US Federal Reserve now expects no rate hikes in 2019

Published March 21, 2019, 12:00 AM

by manilabulletin_admin

WASHINGTON (AFP) – The Federal Reserve (Fed) sent a strong signal the US economy is slowing, indicating Wednesday it will not raise the benchmark lending rate again this year amid a drop in spending and broader global uncertainty.

Federal Reserve Chairman Jerome Powell during a press briefing following a Federal Open Market Committee meeting March 20, 2019 in Washington, DC. - Powell said Wednesday it could be "some time" before the US central bank will have to change the key lending rate. The Fed kept the benchmark borrowing rate unchanged and forecast no more increases this year.  (AFP)
Federal Reserve Chairman Jerome Powell during a press briefing following a Federal Open Market Committee meeting March 20, 2019 in Washington, DC. – Powell said Wednesday it could be “some time” before the US central bank will have to change the key lending rate. The Fed kept the benchmark borrowing rate unchanged and forecast no more increases this year. (AFP)

It was an aggressive downshift that came as a shock to many economists, since as recently as September the Fed expected to raise rates three times in 2019.
”It may be some time before the outlook for jobs and inflation calls clearly for a change in policy,” Federal Reserve Chairman Jerome Powell told reporters following the announcement.
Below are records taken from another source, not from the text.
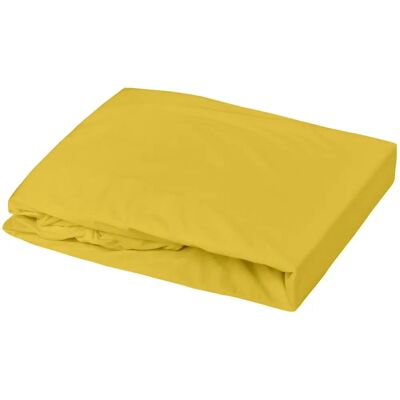 DOMIVA Jersey Hoeslaken - 70 x 140 cm - Curry DOMIVA Jersey Hoeslaken - 70 x 140 cm - Curry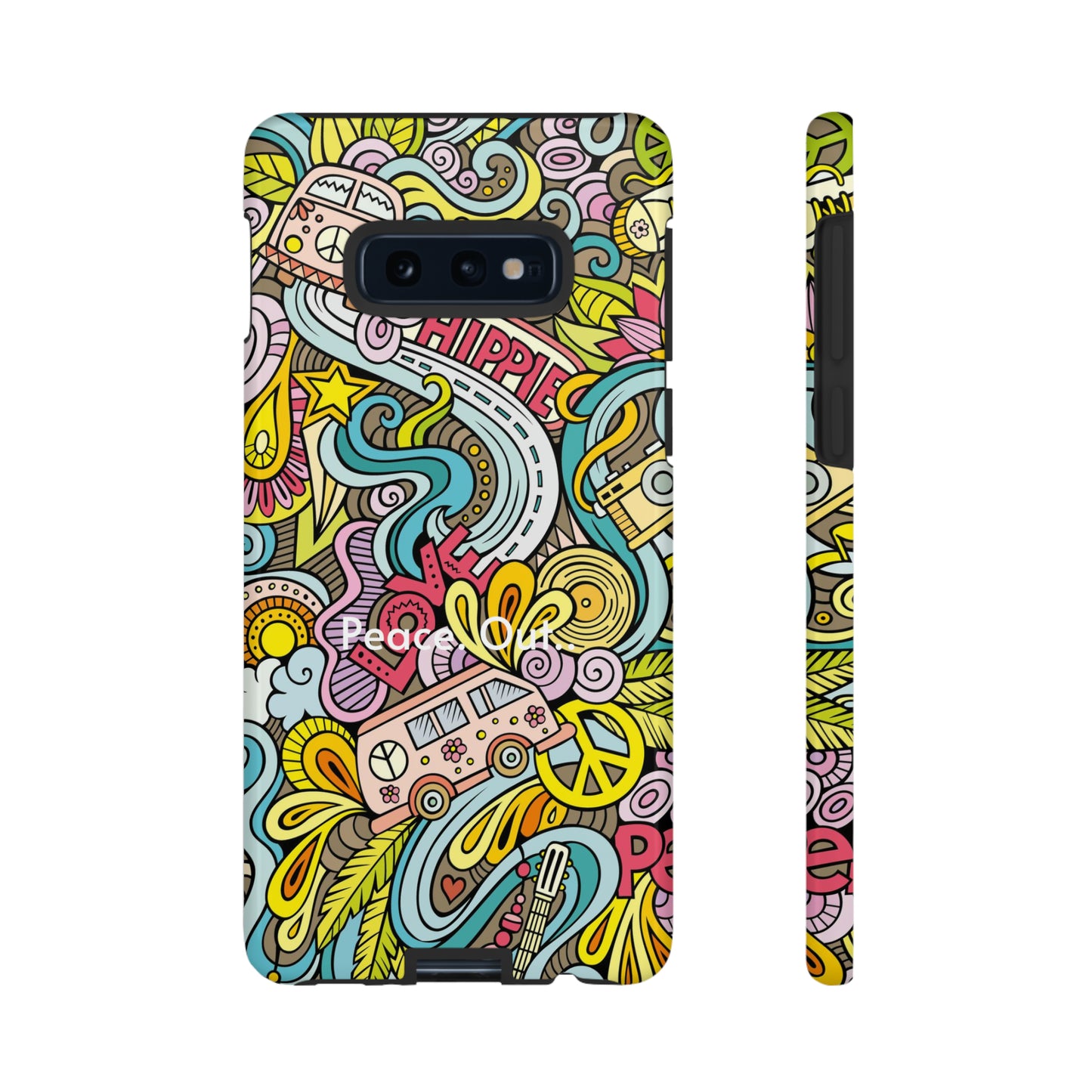 Peace. Out. / Hippie Love Samsung Case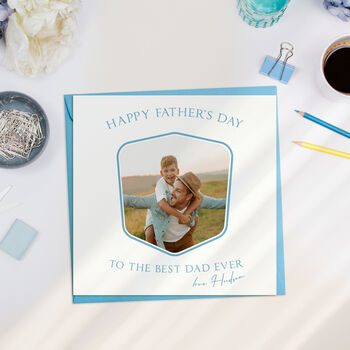 Personalised Father's Day Photo Card, 5 of 5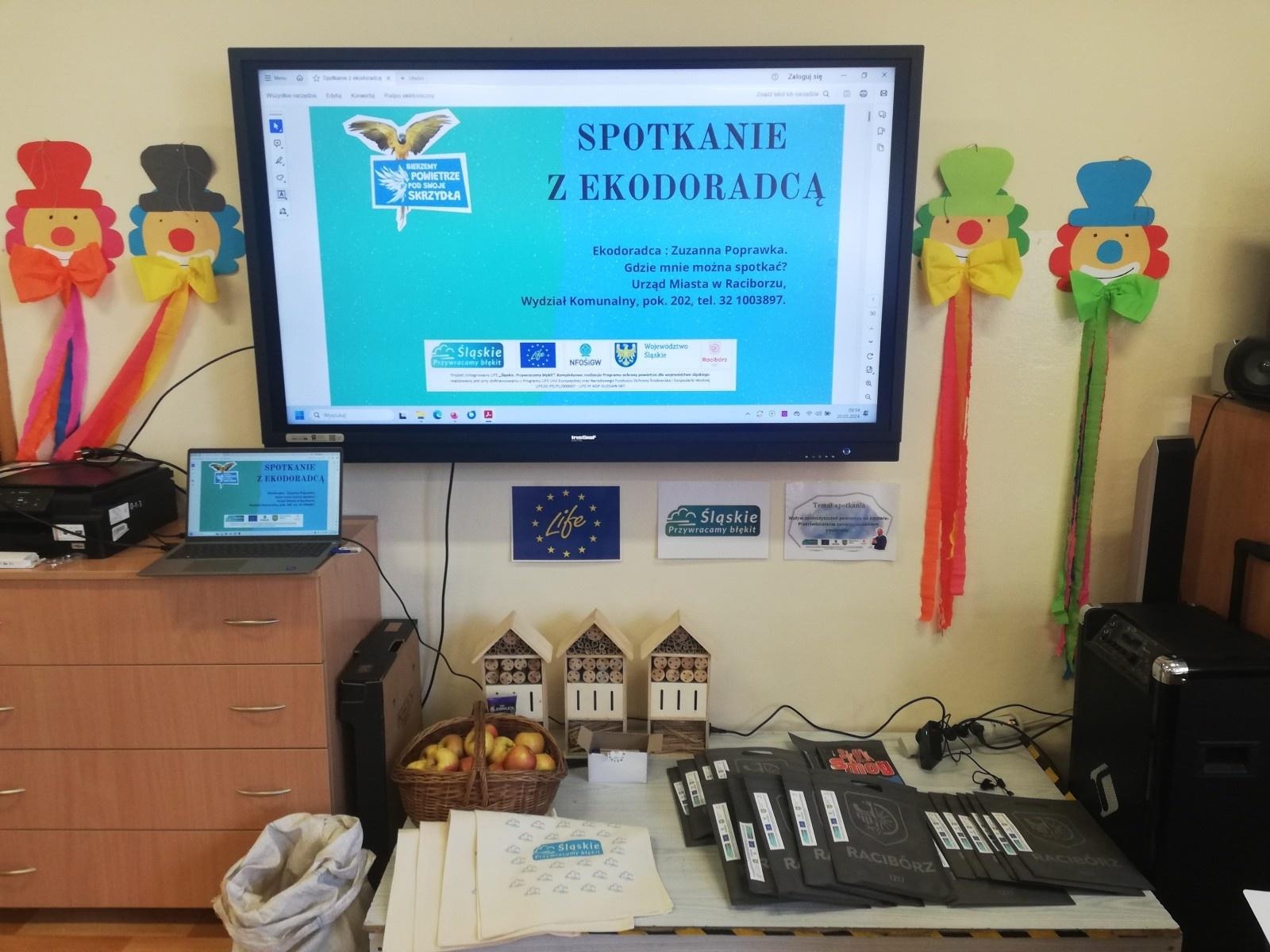 Zdjęcie w galerii na portalu naszraciborz.pl: Edukacja antysmogowa z ekodoradczyni w SP 15 wiadomości z regionu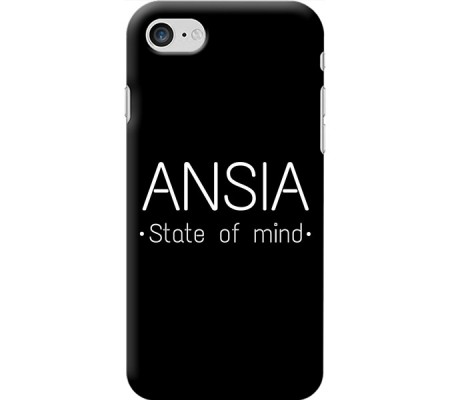 Cover Apple iPhone 7 ANSIA STATE OF MIND Black Border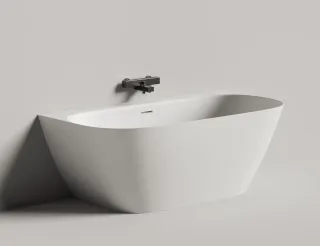 Ванна из искусственного камня Salini Sofia Wall S-Sense 102517GRH 160x80см RAL снаружи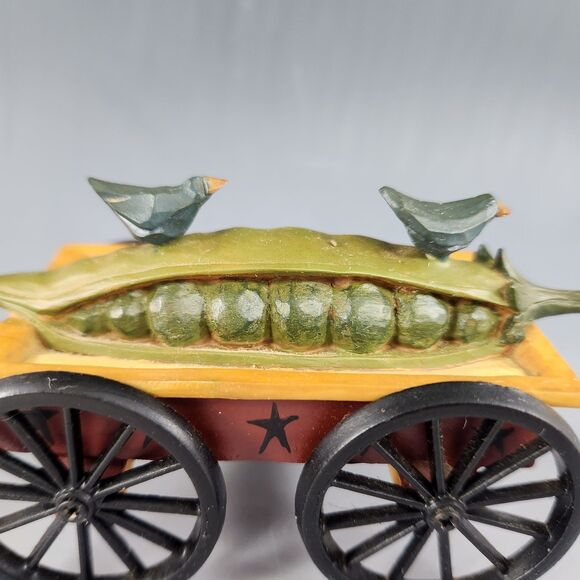 Williraye Studio Bumper Crop Wagon Crow Peapod Farmers Market 2003 Retired - Picture 8 of 10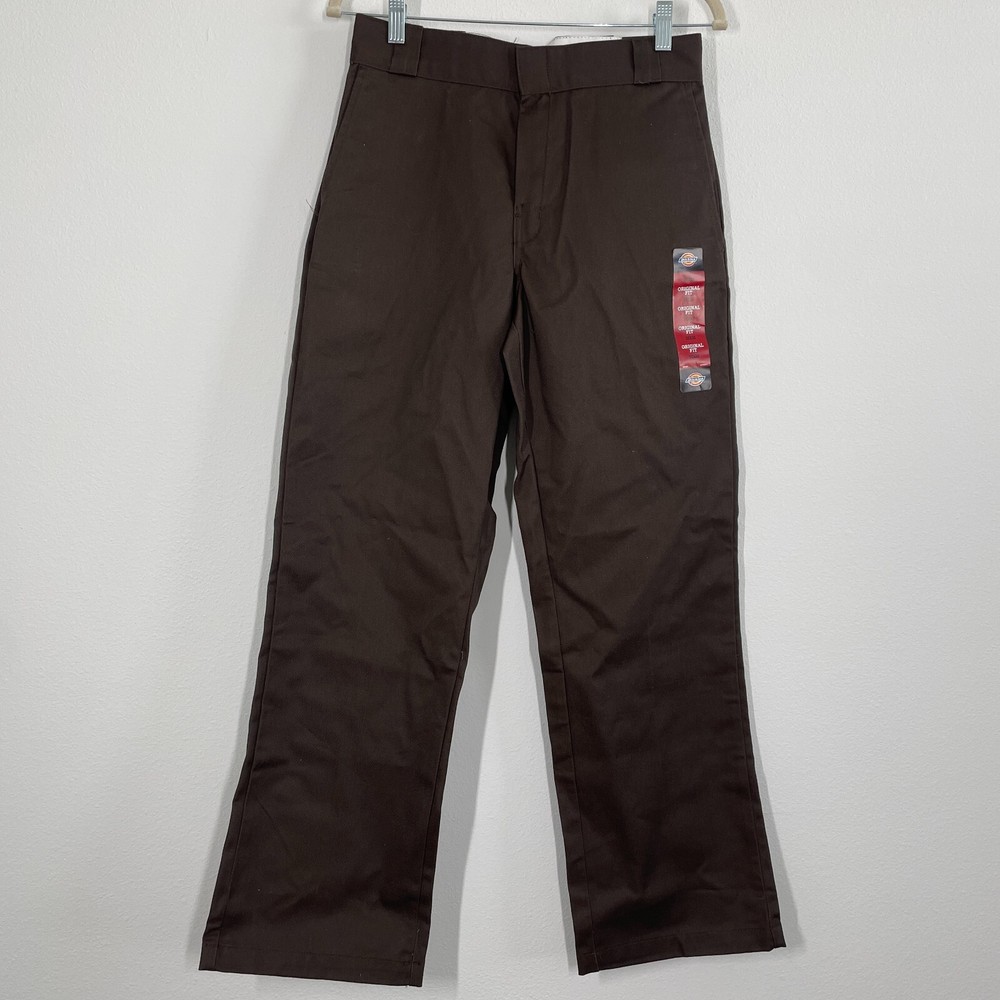 Dickies Men 30x30 Brown 874 Original Fit Work Pants Utility Casual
And he said global growth which had been a tailwind to the US economy, had begun to slow – notably in Europe and China where tariffs and Brexit are weighing.

The Fed’s surprising change of direction follows the four rate increases last year, frequently in the face of vociferous antagonism from President Donald Trump, who called the central bank ”crazy” for tightening monetary policy as the economy grew.

The change could prompt speculation that the most recent hike in December, implemented despite a Wall Street sell-off and signs of weakening economic activity, was aimed at demonstrating the central bank’s independence from Trump.

The shift in the closely-watched forecast released meant nine of the 17 members of the policy-setting Federal Open Market Committee lowered their projection for this year.

But the forecast Wednesday also confirms the next move is still expected to be an increase in the key policy interest rate, though that is not now expected to come until sometime in 2020.

The explanation can be found in the stark change in language in the statement from FOMC, which voted unanimously to keep the key rate unchanged at 2.25 to 2.5 percent.

In its second meeting of the year, the committee said ”growth of economic activity has slowed from its solid rate in the fourth quarter,” as household and business spending is expected to drop off and annual inflation has declined.

In contrast, in January, the FOMC said economic activity was growing at a ”strong rate” and household spending continued to ”grow strongly.”